Exercise input:
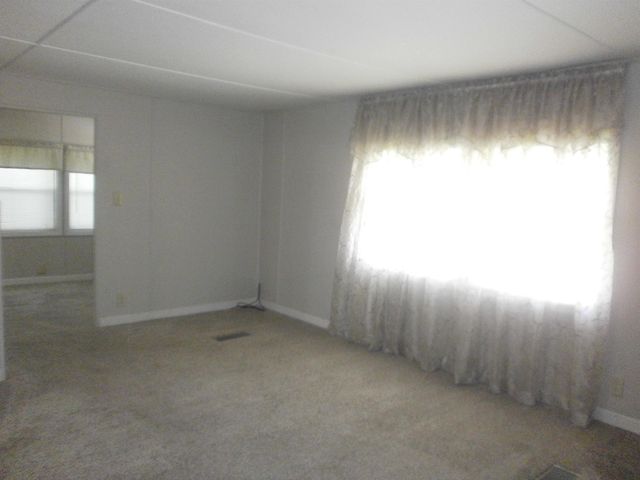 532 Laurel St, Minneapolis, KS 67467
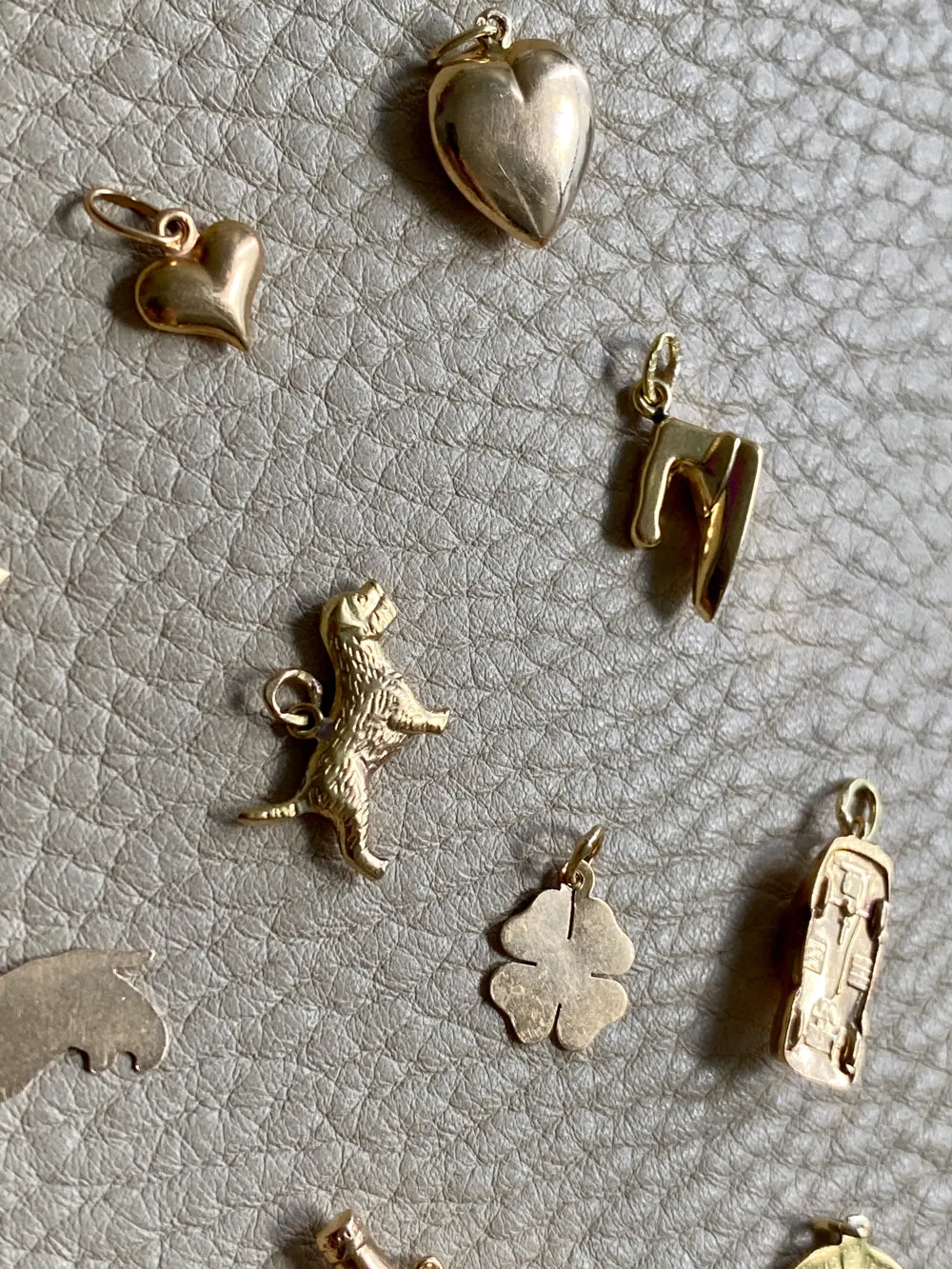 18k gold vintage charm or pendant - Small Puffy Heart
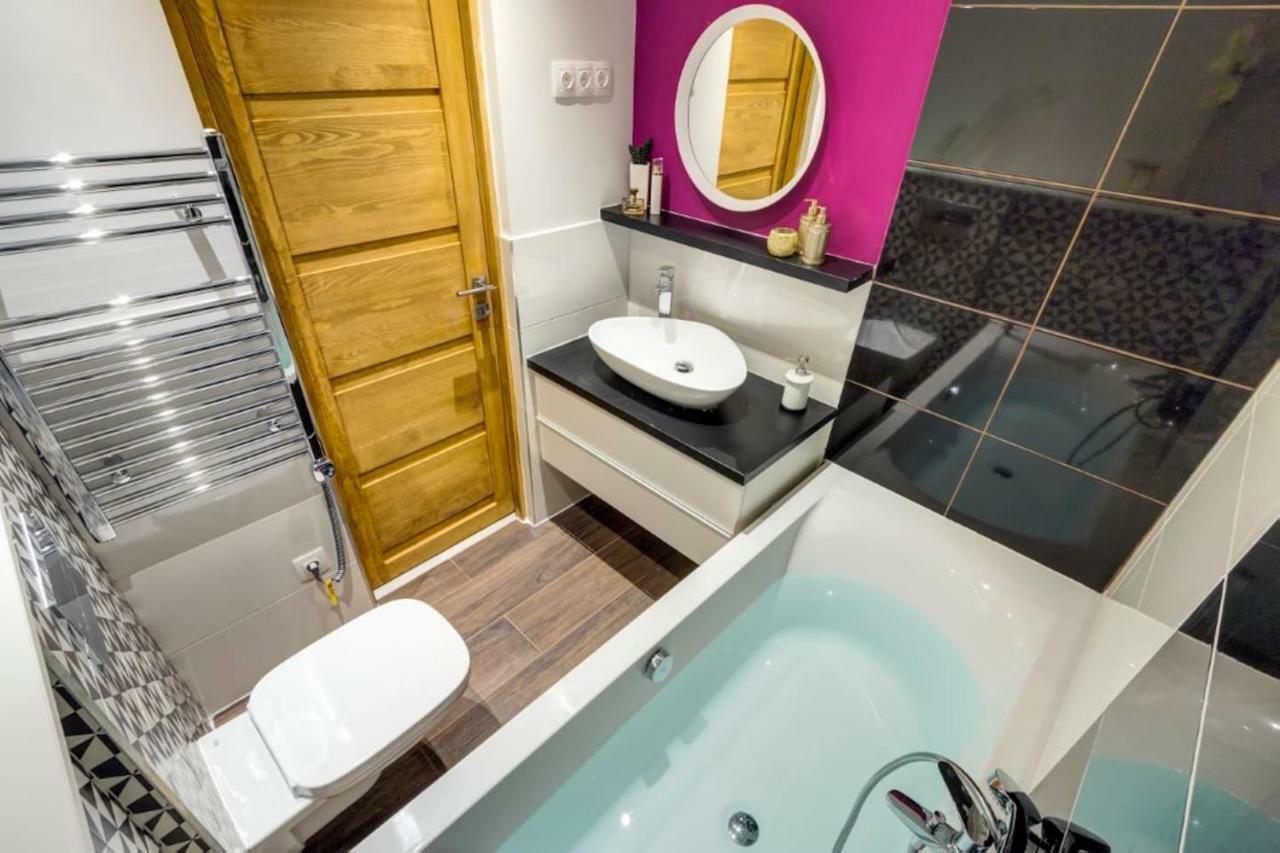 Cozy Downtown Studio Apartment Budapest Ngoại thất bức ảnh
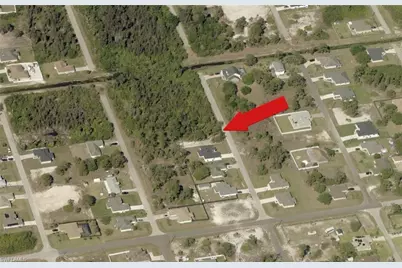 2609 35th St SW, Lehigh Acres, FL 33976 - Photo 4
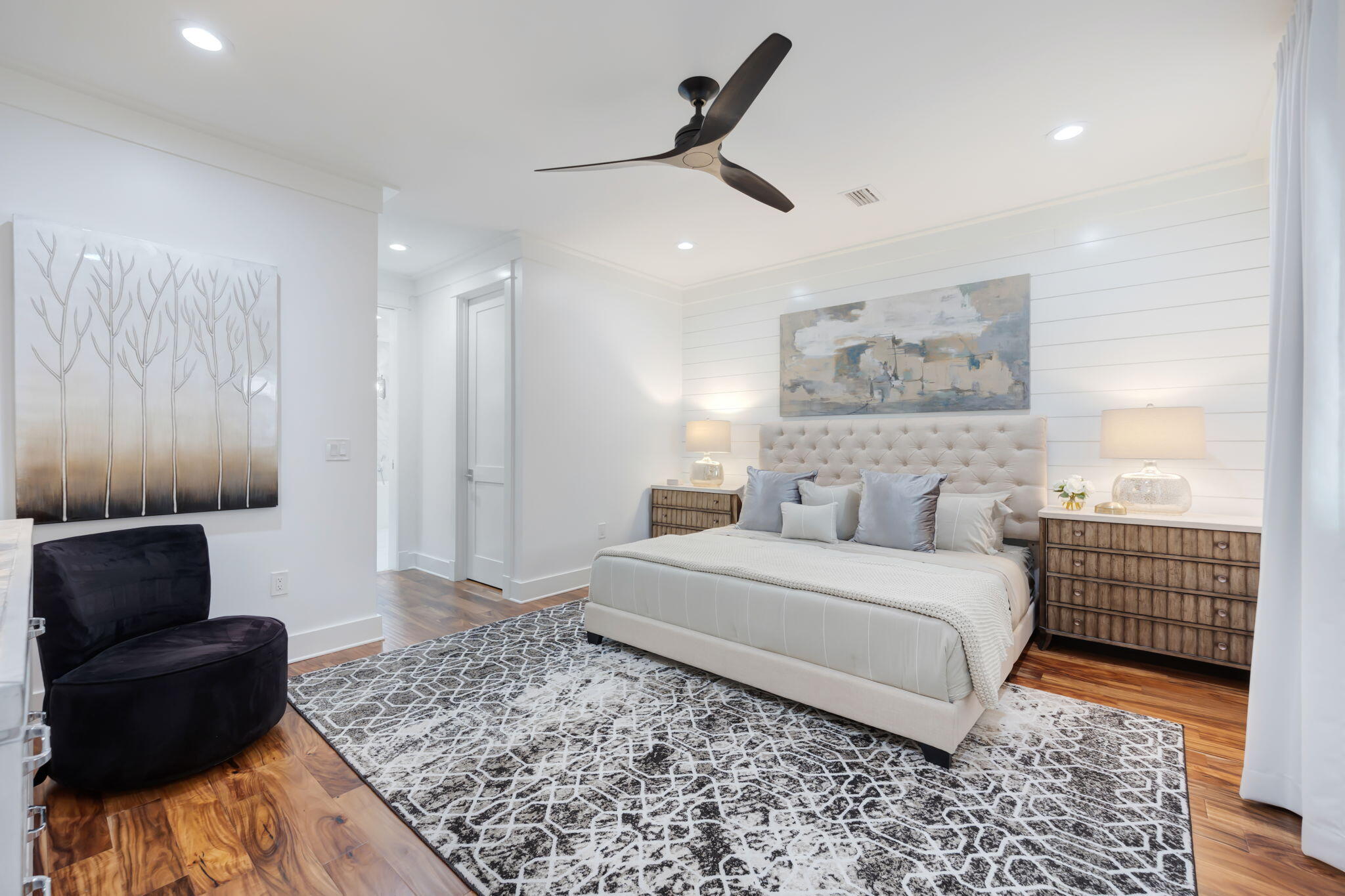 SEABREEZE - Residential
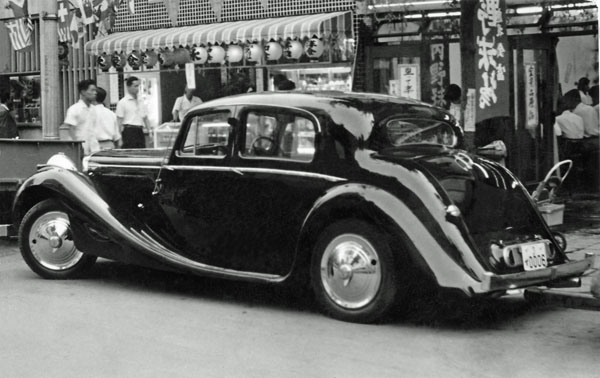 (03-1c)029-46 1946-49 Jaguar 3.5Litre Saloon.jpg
---
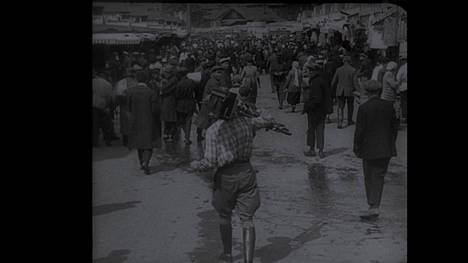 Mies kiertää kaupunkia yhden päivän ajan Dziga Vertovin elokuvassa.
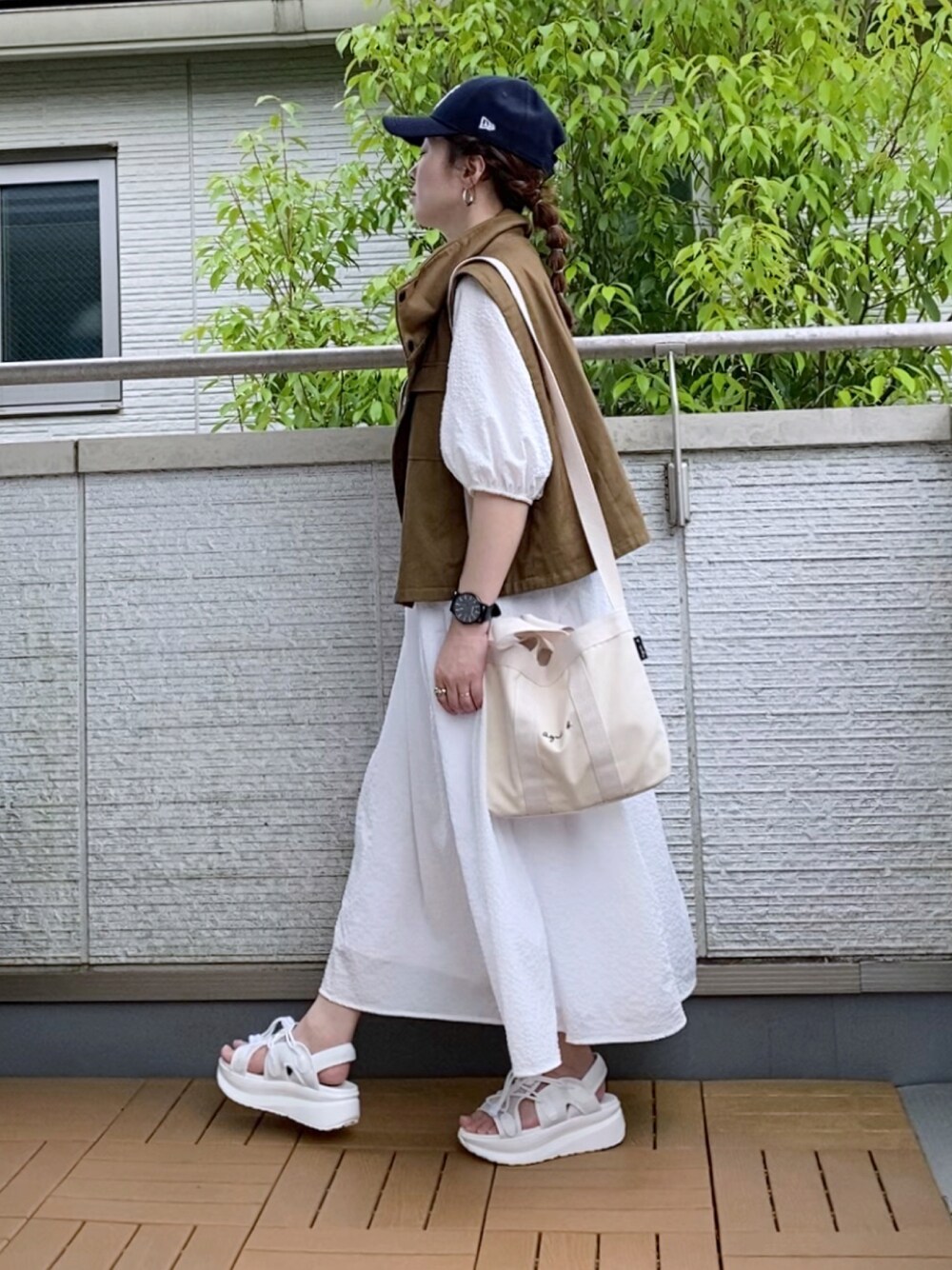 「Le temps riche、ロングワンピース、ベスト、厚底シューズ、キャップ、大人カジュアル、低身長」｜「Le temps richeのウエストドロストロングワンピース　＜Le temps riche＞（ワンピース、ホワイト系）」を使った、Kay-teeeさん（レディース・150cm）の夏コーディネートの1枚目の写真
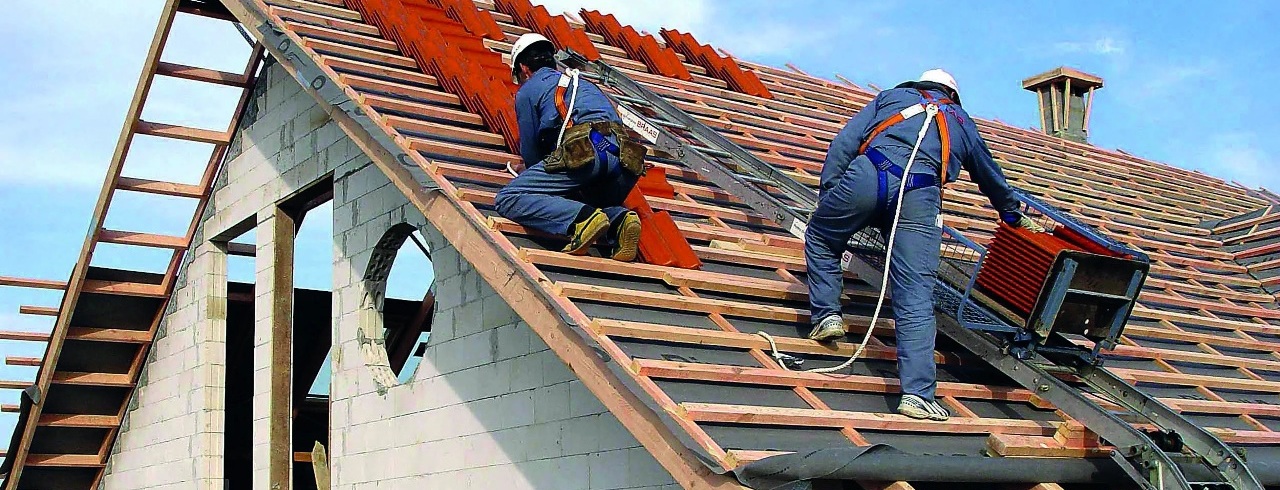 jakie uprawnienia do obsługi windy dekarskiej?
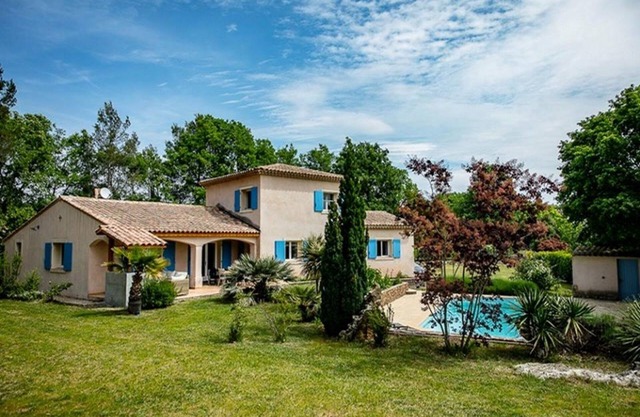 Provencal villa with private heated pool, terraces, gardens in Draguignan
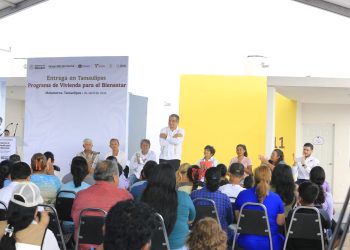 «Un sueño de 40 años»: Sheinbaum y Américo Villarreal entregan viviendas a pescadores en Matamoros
---
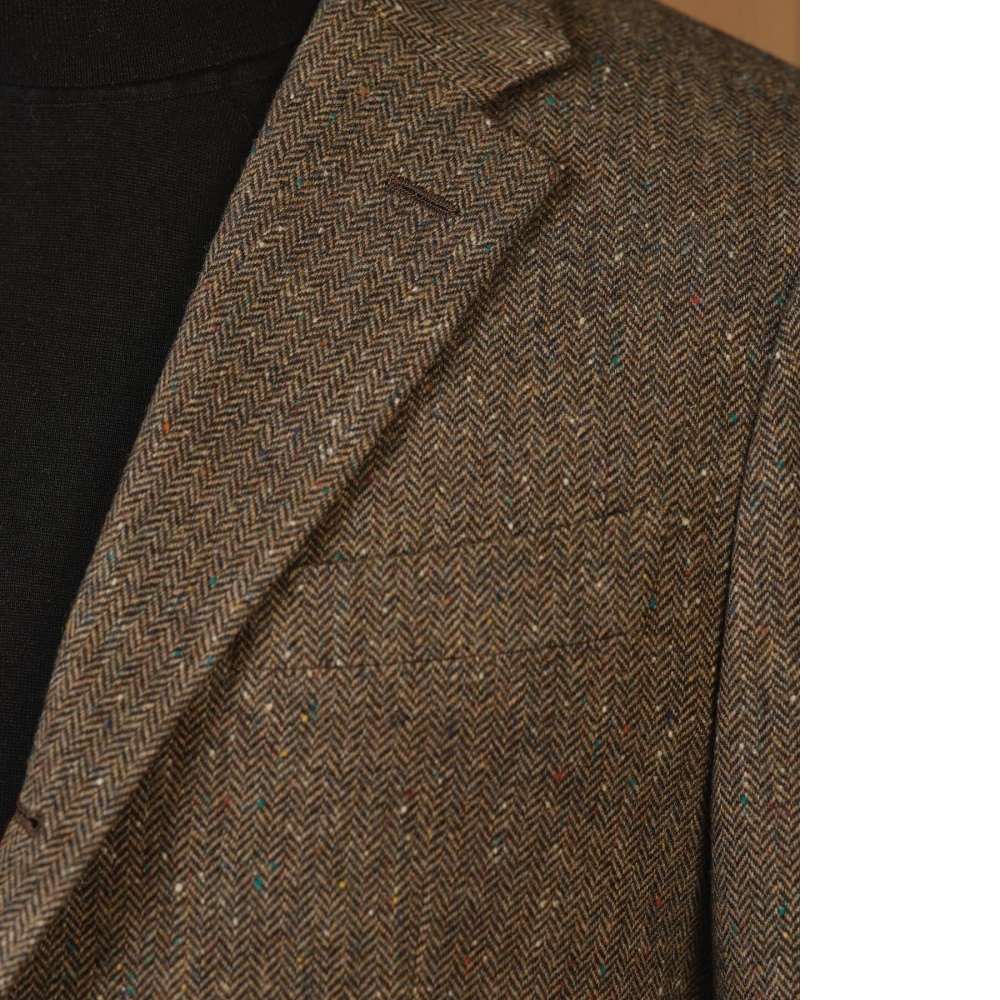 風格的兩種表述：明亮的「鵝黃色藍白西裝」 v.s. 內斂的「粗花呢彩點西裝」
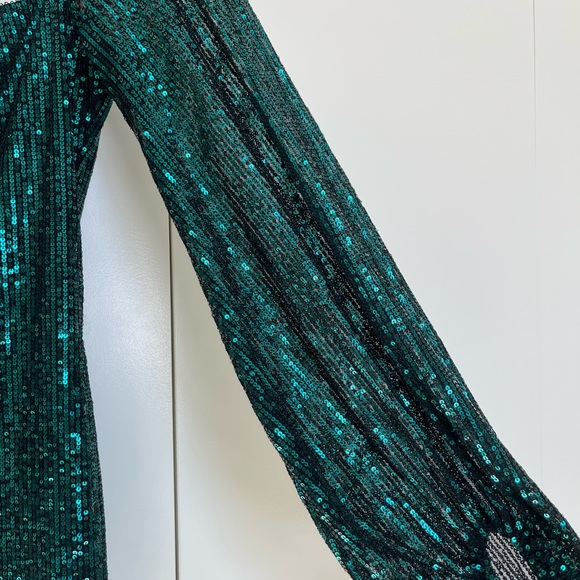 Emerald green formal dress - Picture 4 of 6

Activity: With the pictures omitted, copy the entries above exactly from the line containing "532 Laurel St, Minneapolis, KS 67467" through the line containing "(03-1c)029-46 1946-49 Jaguar", both lines included.

Written response:
 532 Laurel St, Minneapolis, KS 67467
 18k gold vintage charm or pendant - Small Puffy Heart
 Cozy Downtown Studio Apartment Budapest Ngoại thất bức ảnh
 2609 35th St SW, Lehigh Acres, FL 33976 - Photo 4
 SEABREEZE - Residential
 (03-1c)029-46 1946-49 Jaguar 3.5Litre Saloon.jpg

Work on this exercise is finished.